I felt throughout that the way we built and contributed to scenes was relevant to my game design - there is a sweet spot in GMless games when it comes to scene authority and player/character autonomy. This game straddled the line between group creativity and that awkward push-pull of people adding aspects to others' scenes (and they are still shown as having scene ownership) and therefore distorting a player's vision for their character.

The game did not strongly enforce a cohesive vision between the players, and we should have solidified our idea for what the setting was before we started. If we had done so, perhaps people's ideas would have gelled better and the setting would have been less surreal. As it was, the real meat of the game came from this creative challenge of expression versus antagonism - not fictional positioning antagonism, or tactical, but of disparate cohesive .

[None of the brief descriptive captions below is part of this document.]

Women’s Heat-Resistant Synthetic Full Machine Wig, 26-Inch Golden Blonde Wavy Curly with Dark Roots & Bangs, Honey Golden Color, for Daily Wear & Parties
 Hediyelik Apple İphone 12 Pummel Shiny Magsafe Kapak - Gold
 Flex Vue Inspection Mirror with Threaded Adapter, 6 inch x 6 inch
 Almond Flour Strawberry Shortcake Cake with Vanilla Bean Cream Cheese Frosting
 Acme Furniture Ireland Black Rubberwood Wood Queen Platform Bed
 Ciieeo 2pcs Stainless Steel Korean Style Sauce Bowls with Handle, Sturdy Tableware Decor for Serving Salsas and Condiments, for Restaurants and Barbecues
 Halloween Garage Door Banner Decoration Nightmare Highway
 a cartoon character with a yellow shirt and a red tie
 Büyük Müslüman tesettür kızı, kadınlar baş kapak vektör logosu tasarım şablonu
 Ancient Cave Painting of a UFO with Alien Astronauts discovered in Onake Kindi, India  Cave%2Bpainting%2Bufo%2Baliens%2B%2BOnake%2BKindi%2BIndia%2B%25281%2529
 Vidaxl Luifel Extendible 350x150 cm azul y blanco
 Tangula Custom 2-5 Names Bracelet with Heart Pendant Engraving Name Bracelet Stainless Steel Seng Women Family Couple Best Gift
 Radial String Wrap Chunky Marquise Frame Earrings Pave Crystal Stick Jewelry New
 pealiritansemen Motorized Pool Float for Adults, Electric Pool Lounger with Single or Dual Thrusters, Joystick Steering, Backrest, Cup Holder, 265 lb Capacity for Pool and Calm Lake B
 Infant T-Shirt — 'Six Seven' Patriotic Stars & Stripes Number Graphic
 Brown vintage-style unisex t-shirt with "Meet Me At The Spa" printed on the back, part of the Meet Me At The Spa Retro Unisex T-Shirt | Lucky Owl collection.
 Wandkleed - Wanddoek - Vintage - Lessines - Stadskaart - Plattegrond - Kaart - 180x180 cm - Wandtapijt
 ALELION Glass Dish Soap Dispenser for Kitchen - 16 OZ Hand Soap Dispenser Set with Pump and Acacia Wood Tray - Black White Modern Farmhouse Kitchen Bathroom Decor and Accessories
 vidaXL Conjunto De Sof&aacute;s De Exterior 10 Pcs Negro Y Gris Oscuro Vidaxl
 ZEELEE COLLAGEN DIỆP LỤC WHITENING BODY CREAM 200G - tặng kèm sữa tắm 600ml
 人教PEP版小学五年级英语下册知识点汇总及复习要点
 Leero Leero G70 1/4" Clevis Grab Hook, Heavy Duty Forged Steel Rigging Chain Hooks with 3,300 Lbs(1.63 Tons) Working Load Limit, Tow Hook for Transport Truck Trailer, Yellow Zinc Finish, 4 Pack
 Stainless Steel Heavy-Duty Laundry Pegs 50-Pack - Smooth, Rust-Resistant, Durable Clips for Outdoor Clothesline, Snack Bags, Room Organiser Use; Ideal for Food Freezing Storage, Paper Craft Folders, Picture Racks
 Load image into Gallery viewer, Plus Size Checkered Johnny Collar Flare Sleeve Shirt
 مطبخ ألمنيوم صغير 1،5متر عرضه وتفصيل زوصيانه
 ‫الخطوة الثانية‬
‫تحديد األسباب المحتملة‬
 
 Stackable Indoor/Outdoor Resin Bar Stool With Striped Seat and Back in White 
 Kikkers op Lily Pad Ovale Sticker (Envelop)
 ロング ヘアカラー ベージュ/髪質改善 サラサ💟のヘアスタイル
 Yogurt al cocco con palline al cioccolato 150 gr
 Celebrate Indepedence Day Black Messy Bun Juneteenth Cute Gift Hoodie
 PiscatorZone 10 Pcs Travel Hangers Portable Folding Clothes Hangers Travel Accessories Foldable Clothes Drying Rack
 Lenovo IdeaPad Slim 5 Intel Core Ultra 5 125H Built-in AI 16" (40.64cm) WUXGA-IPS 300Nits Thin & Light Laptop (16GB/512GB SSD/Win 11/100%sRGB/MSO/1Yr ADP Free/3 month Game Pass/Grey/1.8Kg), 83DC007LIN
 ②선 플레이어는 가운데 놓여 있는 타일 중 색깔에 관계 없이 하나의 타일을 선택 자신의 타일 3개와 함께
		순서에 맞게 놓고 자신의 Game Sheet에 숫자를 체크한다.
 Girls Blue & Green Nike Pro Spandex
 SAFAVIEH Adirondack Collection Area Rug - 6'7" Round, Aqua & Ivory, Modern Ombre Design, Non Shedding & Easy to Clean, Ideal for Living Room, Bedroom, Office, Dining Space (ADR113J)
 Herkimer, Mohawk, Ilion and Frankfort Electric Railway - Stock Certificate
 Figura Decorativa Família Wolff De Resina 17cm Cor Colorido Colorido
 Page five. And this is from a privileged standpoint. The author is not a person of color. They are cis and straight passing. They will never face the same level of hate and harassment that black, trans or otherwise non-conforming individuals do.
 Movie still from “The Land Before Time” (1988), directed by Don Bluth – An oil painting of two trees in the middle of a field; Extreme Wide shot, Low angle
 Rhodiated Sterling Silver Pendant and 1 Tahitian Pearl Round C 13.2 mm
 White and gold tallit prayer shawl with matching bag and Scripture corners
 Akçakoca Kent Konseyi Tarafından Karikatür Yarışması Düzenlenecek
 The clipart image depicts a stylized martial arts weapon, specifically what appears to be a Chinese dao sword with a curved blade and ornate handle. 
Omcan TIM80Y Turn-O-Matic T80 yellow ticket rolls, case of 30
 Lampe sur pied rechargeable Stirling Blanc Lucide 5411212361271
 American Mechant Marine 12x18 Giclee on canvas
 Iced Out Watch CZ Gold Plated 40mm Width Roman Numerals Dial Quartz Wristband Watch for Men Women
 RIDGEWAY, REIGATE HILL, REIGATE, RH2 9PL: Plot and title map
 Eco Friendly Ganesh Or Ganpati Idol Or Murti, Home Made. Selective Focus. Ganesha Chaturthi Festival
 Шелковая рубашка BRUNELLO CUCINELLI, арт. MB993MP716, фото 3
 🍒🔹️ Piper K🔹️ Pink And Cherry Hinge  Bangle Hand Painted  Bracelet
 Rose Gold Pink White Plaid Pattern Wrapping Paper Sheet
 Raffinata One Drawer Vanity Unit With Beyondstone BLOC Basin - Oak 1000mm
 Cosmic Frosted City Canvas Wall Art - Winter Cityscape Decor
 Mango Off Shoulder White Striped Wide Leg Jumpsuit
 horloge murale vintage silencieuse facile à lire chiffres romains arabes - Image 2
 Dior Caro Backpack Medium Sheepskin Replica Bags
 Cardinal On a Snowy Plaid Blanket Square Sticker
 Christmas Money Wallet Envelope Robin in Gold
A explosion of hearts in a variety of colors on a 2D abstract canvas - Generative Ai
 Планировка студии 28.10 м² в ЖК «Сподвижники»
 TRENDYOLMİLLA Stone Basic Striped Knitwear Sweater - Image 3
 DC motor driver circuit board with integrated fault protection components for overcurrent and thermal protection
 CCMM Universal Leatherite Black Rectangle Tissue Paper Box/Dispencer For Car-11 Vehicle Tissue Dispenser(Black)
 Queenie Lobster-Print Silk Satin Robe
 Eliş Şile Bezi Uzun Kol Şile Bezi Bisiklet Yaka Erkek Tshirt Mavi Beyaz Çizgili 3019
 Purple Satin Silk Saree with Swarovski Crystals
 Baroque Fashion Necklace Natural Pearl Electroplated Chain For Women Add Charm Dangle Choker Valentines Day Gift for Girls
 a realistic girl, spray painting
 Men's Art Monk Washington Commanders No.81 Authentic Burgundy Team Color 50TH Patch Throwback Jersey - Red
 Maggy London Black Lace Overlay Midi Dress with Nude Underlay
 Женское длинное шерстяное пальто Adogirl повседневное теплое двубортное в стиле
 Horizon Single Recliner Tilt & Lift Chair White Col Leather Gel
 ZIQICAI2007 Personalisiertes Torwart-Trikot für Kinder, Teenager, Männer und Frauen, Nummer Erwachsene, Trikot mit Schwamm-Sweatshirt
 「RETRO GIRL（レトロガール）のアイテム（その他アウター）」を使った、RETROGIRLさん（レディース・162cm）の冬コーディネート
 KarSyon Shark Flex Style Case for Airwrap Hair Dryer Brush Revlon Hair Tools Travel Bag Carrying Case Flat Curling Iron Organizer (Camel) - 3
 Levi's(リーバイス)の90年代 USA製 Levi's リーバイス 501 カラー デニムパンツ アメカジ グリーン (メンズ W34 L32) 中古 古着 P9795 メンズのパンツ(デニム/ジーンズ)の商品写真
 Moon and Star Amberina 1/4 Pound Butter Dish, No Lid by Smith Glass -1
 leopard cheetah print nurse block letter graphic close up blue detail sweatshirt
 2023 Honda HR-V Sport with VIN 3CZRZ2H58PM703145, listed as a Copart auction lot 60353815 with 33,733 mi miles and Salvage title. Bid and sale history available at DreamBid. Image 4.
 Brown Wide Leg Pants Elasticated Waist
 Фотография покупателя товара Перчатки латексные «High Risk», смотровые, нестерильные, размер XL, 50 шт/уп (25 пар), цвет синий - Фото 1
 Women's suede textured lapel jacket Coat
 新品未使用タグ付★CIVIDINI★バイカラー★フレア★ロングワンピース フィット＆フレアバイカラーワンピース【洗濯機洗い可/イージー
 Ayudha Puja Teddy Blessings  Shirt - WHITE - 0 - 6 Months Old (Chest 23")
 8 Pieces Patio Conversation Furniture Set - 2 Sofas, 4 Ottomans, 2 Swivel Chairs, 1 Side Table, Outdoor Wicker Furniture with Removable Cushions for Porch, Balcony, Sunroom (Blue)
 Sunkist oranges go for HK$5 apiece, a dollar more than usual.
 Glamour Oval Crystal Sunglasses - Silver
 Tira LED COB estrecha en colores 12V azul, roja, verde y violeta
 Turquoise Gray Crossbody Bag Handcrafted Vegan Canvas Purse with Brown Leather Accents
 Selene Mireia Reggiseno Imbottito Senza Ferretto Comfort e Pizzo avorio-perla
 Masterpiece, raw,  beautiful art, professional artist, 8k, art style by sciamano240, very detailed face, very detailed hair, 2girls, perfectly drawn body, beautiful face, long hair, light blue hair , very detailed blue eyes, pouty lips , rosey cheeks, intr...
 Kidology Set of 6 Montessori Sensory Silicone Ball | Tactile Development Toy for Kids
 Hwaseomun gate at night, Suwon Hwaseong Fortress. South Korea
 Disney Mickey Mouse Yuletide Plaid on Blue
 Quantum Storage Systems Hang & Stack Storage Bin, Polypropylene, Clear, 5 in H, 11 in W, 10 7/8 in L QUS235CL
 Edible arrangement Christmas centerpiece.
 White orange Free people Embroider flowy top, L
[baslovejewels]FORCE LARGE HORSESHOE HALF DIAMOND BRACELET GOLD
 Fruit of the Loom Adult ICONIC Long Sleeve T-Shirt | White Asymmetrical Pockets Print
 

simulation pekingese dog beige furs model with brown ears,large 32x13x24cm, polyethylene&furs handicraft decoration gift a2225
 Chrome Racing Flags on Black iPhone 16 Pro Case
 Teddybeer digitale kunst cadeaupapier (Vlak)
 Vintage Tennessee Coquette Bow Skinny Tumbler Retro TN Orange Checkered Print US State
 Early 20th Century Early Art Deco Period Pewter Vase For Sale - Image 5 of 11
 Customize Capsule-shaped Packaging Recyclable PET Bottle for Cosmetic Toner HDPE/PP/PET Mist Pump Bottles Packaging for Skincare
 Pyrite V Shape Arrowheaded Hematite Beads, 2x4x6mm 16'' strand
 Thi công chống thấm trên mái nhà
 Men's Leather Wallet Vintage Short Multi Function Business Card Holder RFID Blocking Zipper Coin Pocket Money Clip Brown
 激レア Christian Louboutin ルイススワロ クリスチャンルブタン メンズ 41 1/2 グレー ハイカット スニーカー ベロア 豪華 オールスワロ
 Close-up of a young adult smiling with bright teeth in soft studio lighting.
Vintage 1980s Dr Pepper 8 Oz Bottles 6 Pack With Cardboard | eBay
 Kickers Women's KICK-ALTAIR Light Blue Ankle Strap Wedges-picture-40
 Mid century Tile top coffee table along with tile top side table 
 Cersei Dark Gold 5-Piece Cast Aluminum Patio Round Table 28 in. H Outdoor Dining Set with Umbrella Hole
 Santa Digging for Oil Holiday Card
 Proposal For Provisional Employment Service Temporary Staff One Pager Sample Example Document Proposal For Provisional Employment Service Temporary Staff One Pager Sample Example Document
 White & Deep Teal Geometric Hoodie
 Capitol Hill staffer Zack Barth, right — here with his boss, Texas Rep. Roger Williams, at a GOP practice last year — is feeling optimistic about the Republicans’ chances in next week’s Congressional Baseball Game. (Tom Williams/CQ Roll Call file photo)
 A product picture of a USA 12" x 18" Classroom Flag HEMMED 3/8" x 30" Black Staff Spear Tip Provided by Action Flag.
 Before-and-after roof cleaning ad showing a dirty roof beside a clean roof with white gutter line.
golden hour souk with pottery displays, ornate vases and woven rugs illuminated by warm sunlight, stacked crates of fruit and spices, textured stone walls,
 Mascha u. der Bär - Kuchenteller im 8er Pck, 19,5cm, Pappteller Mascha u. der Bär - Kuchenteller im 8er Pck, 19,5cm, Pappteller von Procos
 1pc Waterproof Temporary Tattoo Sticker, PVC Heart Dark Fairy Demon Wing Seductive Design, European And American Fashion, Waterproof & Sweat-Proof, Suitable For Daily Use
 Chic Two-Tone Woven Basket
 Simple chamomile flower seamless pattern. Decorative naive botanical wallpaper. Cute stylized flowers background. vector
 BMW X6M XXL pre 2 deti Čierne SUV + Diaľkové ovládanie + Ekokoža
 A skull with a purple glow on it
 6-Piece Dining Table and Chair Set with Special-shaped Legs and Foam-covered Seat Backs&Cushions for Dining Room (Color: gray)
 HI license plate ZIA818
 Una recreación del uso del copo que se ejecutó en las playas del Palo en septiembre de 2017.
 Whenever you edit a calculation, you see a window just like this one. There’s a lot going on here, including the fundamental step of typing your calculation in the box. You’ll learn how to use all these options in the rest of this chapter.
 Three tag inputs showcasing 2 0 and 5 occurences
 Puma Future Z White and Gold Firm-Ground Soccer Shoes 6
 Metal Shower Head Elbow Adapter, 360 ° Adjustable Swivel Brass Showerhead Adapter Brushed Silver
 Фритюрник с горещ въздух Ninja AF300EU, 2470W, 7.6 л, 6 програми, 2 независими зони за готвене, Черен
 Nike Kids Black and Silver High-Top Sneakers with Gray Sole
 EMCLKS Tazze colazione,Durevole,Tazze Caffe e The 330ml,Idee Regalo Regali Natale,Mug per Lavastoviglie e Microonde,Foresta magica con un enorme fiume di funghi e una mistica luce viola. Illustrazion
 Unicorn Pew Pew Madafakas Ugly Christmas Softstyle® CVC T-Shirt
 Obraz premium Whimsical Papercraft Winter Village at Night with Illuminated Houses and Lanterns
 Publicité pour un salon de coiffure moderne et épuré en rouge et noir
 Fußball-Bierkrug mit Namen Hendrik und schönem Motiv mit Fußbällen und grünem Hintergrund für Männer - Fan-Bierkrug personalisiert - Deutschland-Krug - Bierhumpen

This is not a failure in the game. I think we came to a very colourful, expressive, thoughtful place, because of the spaces the game left us and because of the nebulous growth of ideas and objectives. However, this is not what I want to see in Or The Whale, because I want an overarching consensus.

So what I think I've learned is that there are weak spots in GMless scene-framing, and this is something I've come across to some degree in other GMless games - Fiasco,
Lovecraftesque, Downfall. Not so much in Microscope, however. There is a clear reason for this. Microscope formalises the setting and does not allow players to encroach on each others' scenes. It does this at the cost of 'flow' and roleplaying however, which are aspects I would like to include in Or The Whale., at least there will be more roleplaying in scenes than Microscope.

Setting - strong, solidified, formalised before the scenes begin.
Scene Framing - Does not compromise a player's ideas of their character. Engages something the player would be interested to see from their character. This could be a wonderful feeling of us working together to achieve the story.
Playing the MC - Needs to be focused, not too many free ideas, controlled/reasoned influence.

The game worked conflict resolution by having one of the 'Eyes' (the non-protagonists of the scene having MC roles), declare that an action was 'difficult', 'perilous' or 'both', which lead to a dialogue-based resolution system. With more practice this system would be much smoother, and it doesn't seem inherent that one would falter at this step. Though we did a bit, I think because we didn't confirm the setting more at the beginning. I think that as long as the point of a scene, its stakes or the character's aim are clearly apparent, resolution coming from a player's judgement that an action is worthy of resolution would be acceptable in a scene.

I have some bristling and excited feelings about all our characters and their stories but that's for another time.